= DATA SUPPLIED =
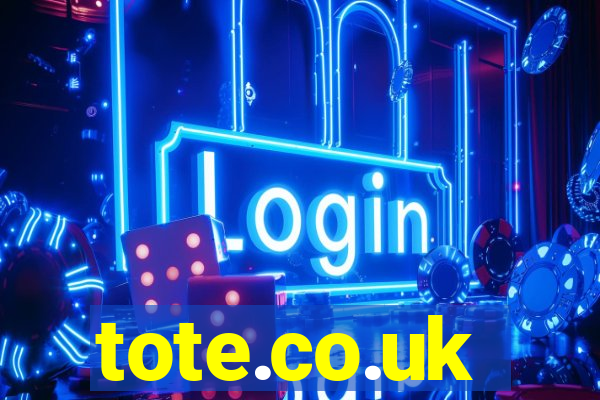 tote.co.uk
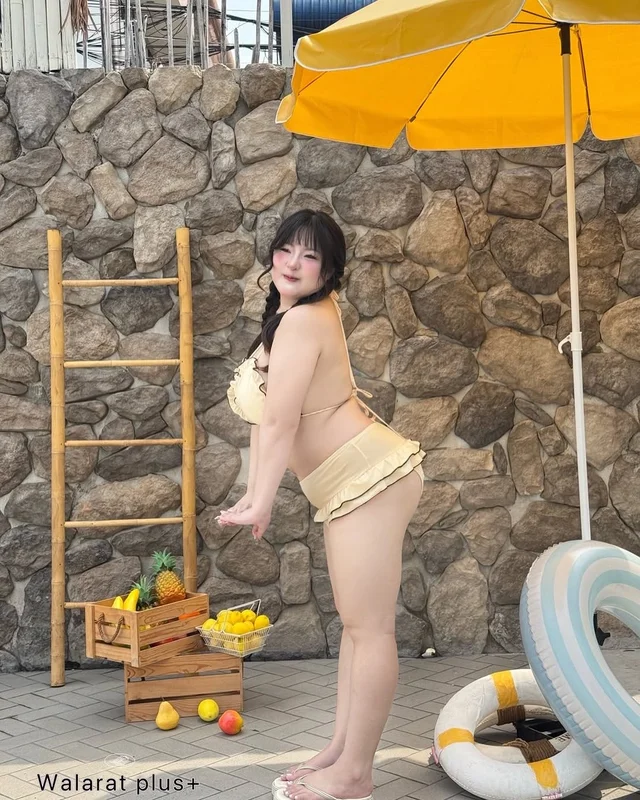 Geebeety Walarat plus บิกินี่ thumbnail 3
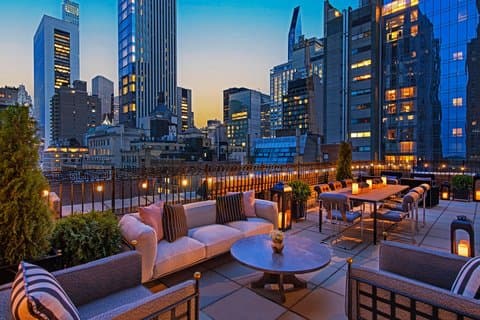 JW Marriott Essex House New York — photo 1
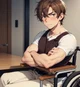Disabled Boyfriend
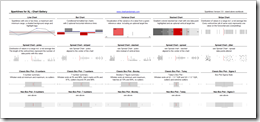 Sparklines for XL Gallery - click to enlarge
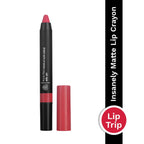 PAC Studio Insanely Matte Lip Crayon - Lip Trip | Grocsy
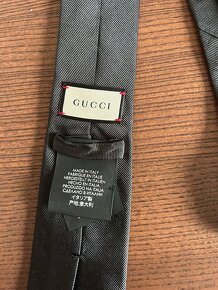Gucci tiger tie - panska kravata - 3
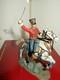 Britains 39000 Napoleonics, French Hussar, 4th Regt Of Hussars, 1807 In 54mm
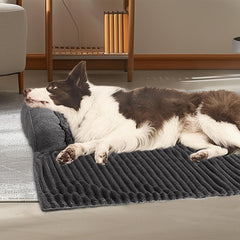 WINDRACING washable couch cover for dogs keeps surfaces clean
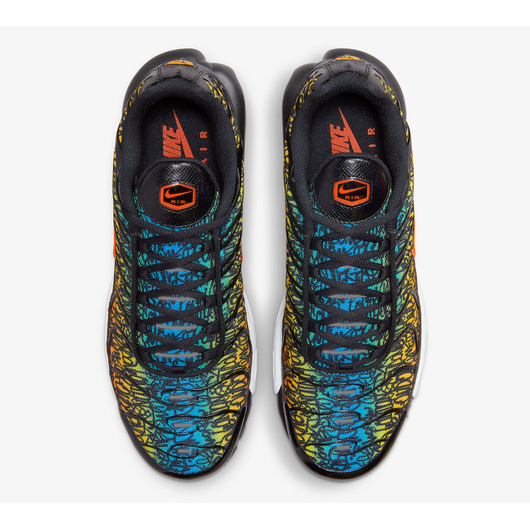 Кросівки чоловічі Nike Air Max Plus Multi DX2665-001, Размер: 42, Наличие: Склад (1-3 дня), фото , изображение 4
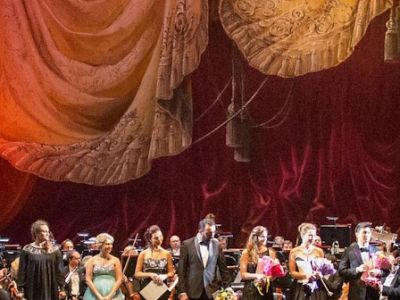 Гала-концерт итальянской оперы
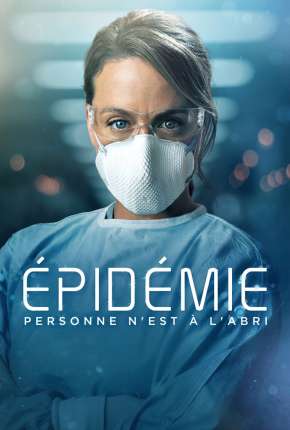 Torrent Série Epidemia - 1ª Temporada Completa 2021 Dublada 1080p Full HD WEB-DL completo
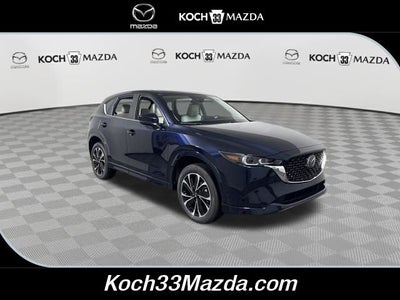 2025 Mazda Mazda CX-5 2.5 S Preferred AWD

= THE TASK =
The response must repeat exactly the lines above from the one with "Sparklines for XL Gallery - click to enlarge" through the one with "Гала-концерт итальянской оперы", including both, and must contain no pictures and no other text.

= OUTPUT BELOW =
 Sparklines for XL Gallery - click to enlarge
 PAC Studio Insanely Matte Lip Crayon - Lip Trip | Grocsy
Gucci tiger tie - panska kravata - 3
 Britains 39000 Napoleonics, French Hussar, 4th Regt Of Hussars, 1807 In 54mm
 WINDRACING washable couch cover for dogs keeps surfaces clean
 Кросівки чоловічі Nike Air Max Plus Multi DX2665-001, Размер: 42, Наличие: Склад (1-3 дня), фото , изображение 4
 Гала-концерт итальянской оперы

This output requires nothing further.